> _Task statement_
Only the lines from the one containing "Genuine snakeskin Leather Black" to the end of the data should be copied, exactly and without pictures.

> _Extracted entries_
"""

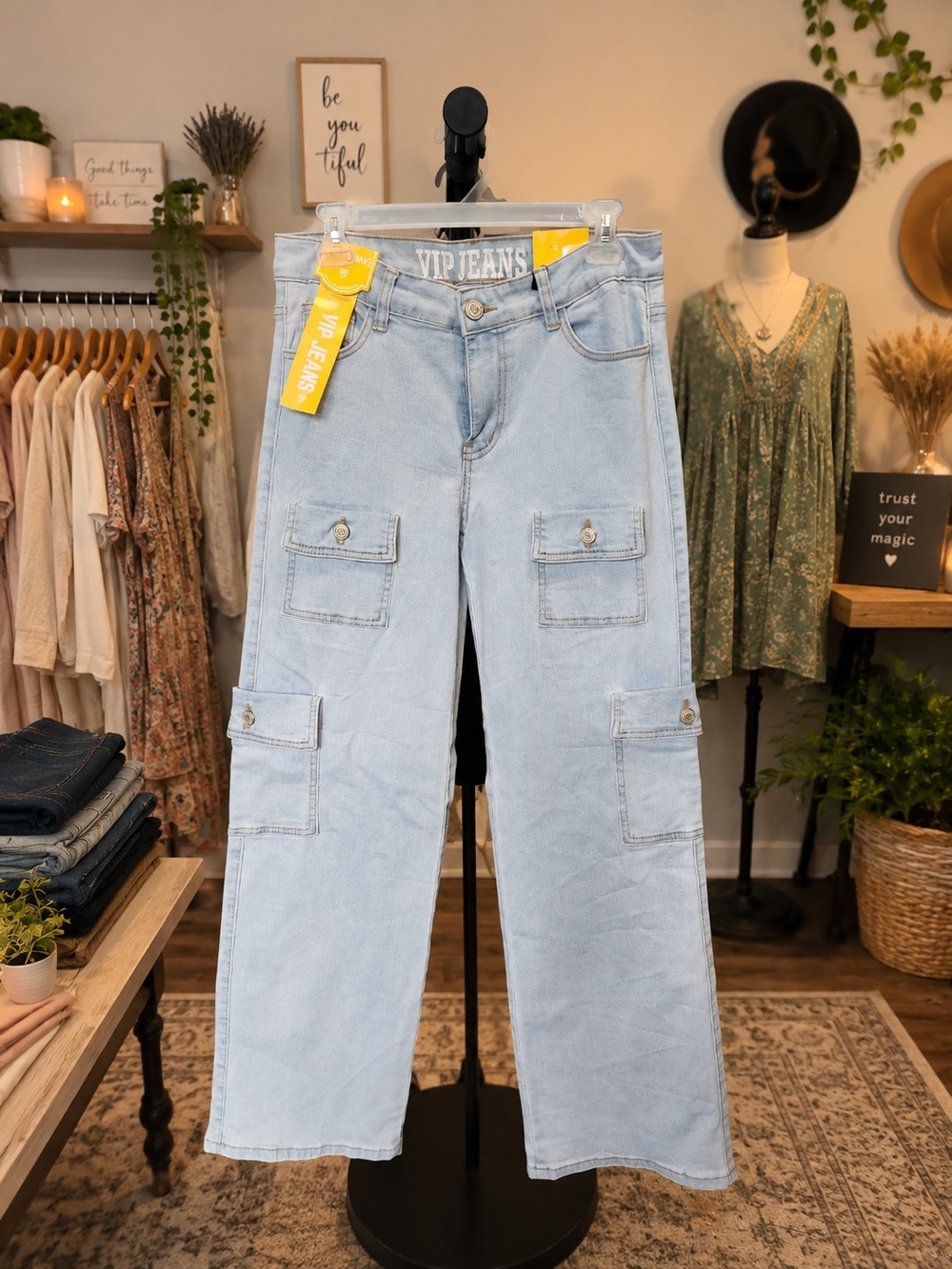 VIP Light Blue High-Rise Cargo Jeans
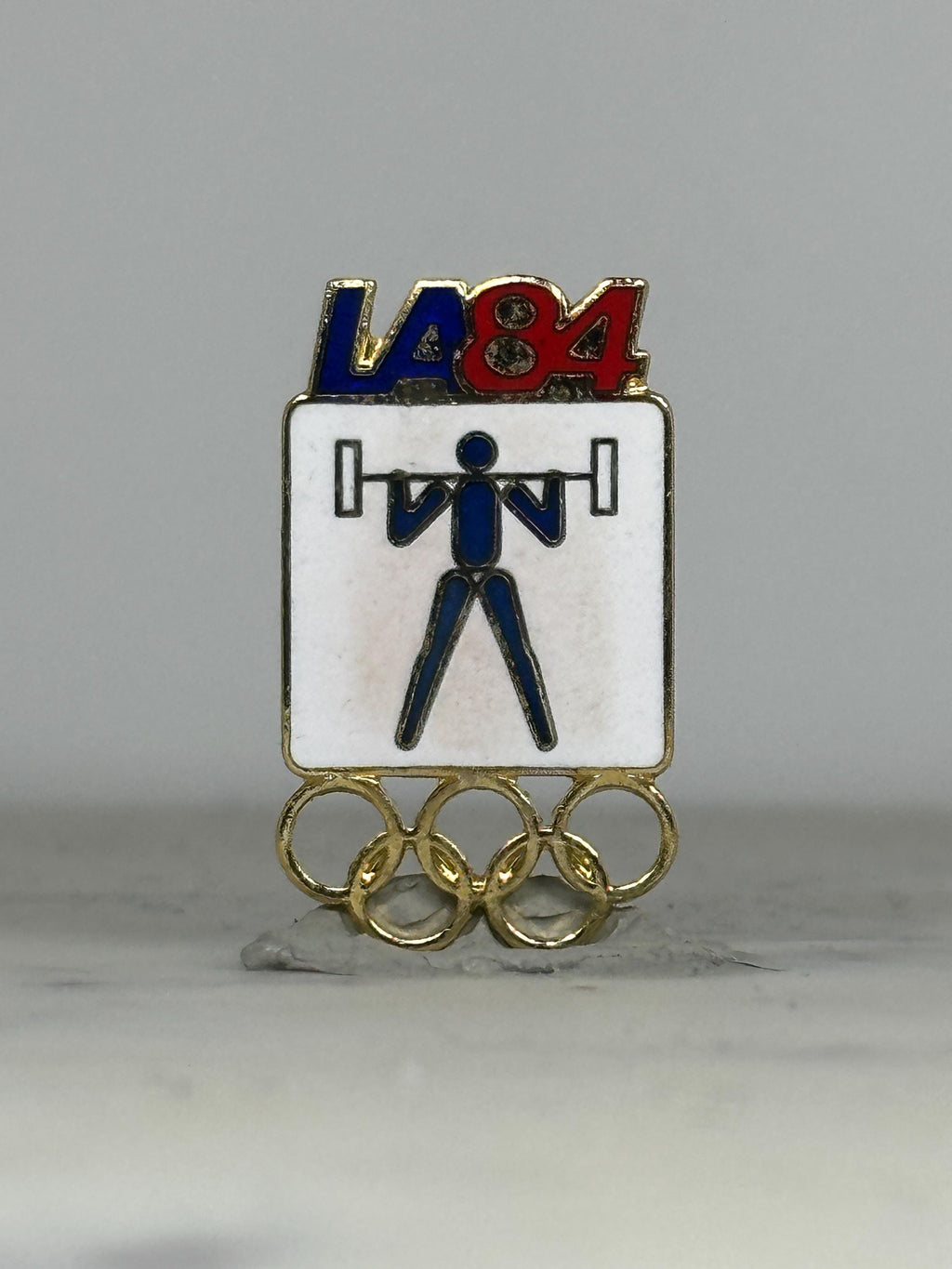 LA84 Olympic Weightlifting Pin: Enamel & Gold Tone - 1984 Games Accessory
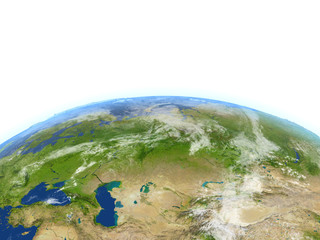 Western and central Asia on planet Earth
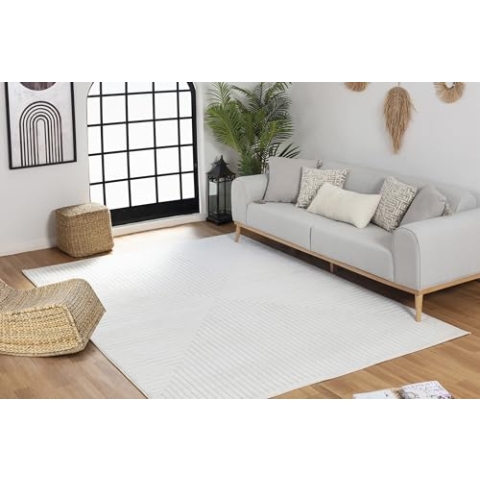 Livabliss Lenox Teppich Wohnzimmer Boho, großer Teppich Schlafzimmer 160x220 cm - Teppich für Esszimmer mit geometrischem Muster, Skandinavischer Wohnzimmerteppich modern in Weiß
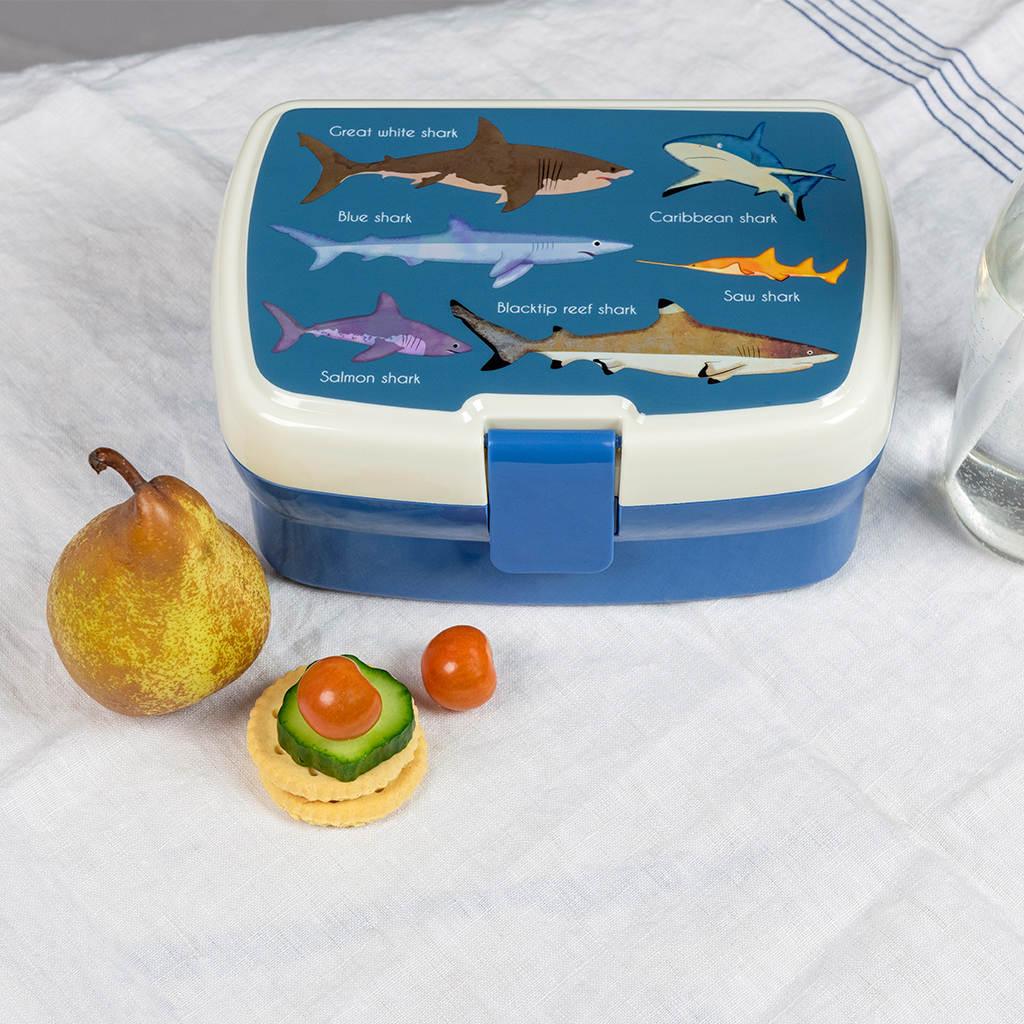 lunchbox mit herausnehmbarem fach sharks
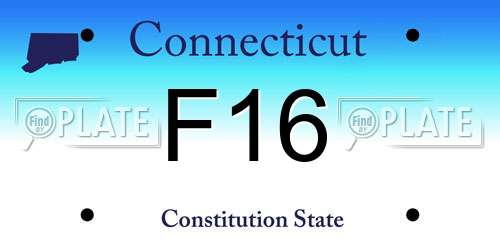 F16 Connecticut License Plate
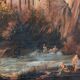 Old oil painting on canvas landscape with ruins and figures 121x98 cm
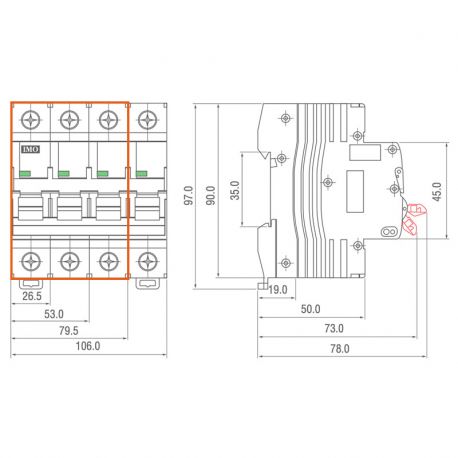 Disjoncteur tripolaire 3P - 100A - pouvoir de coupure 10kA - courbe D - À vis - IMO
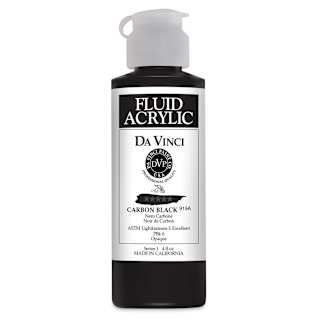 Da Vinci Fluid Acrylics - Carbon Black, 4 oz bottle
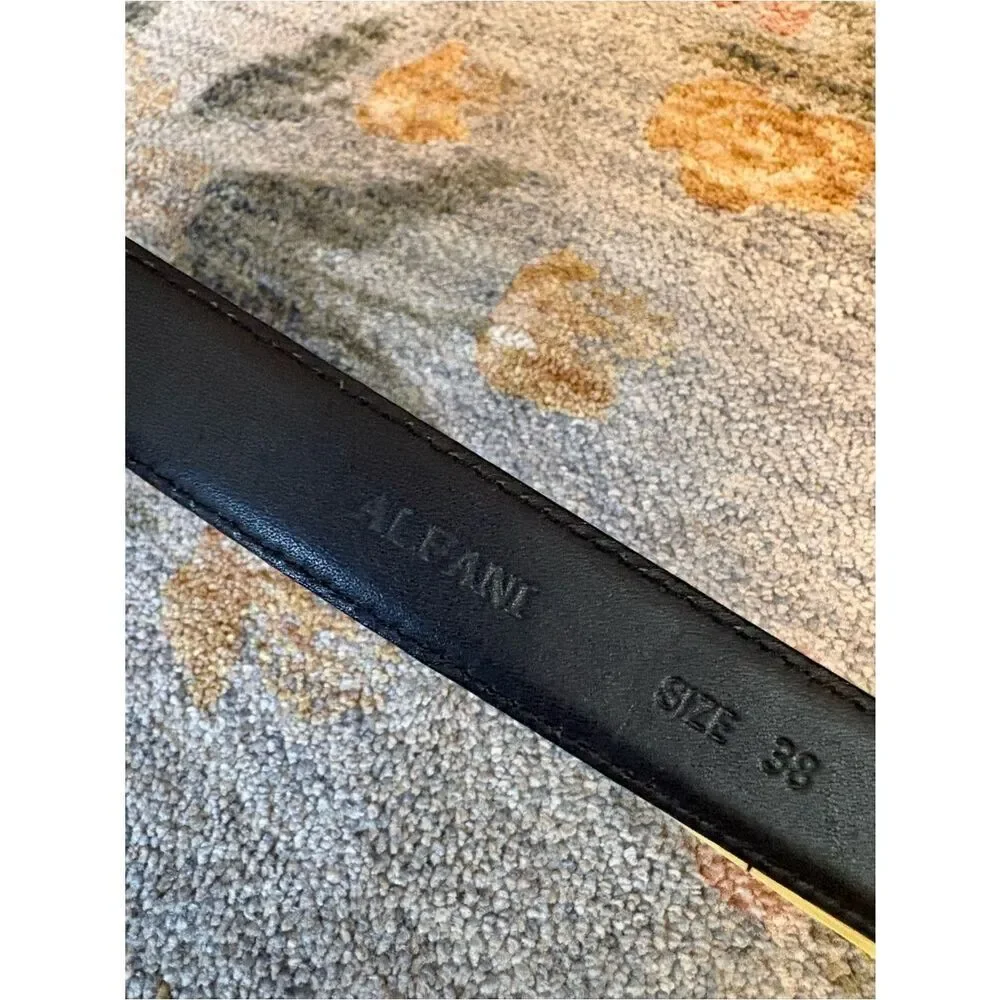 Genuine snakeskin Leather Black Belt 38 Vintage Flaw Alfani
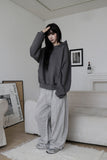 High-neck cut-off hood zip-up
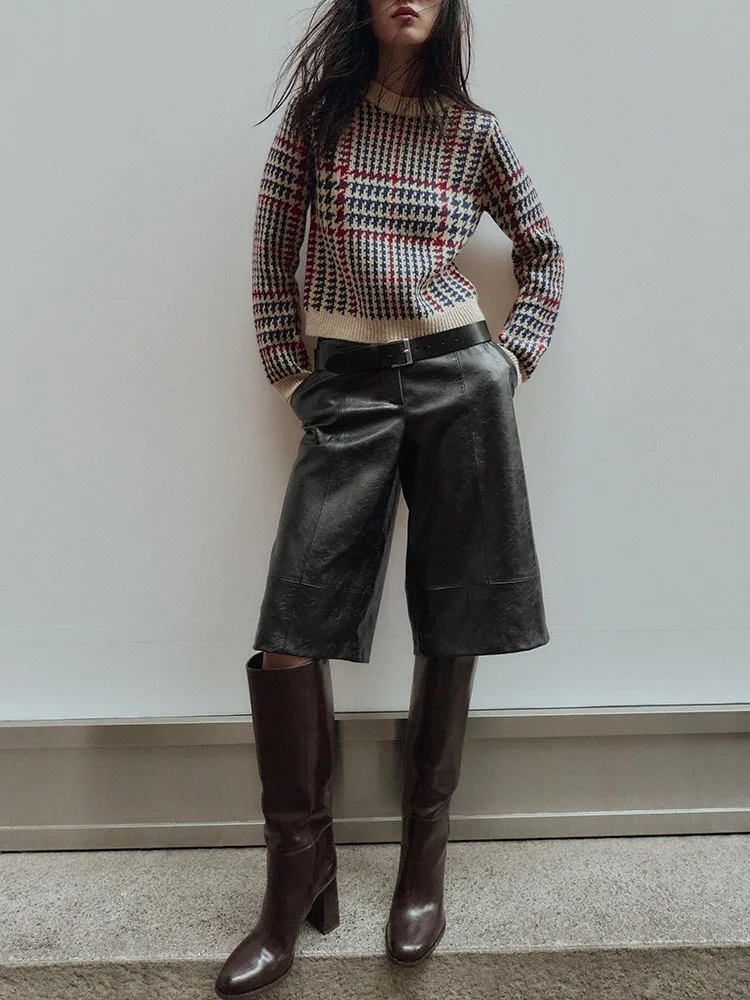 Faionable Knitted Sweater with Plaid Design Long Sve round Ne New Arrival for Women Autumn Winter ort Sle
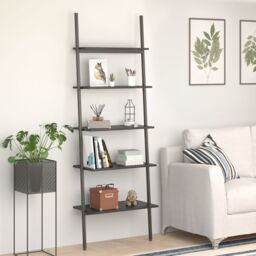 Berkfield Home 5-Tier Leaning Shelf Black 64x34x185.5 cm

"""

> _Answer box_
 Genuine snakeskin Leather Black Belt 38 Vintage Flaw Alfani
 High-neck cut-off hood zip-up
 Faionable Knitted Sweater with Plaid Design Long Sve round Ne New Arrival for Women Autumn Winter ort Sle
 Berkfield Home 5-Tier Leaning Shelf Black 64x34x185.5 cm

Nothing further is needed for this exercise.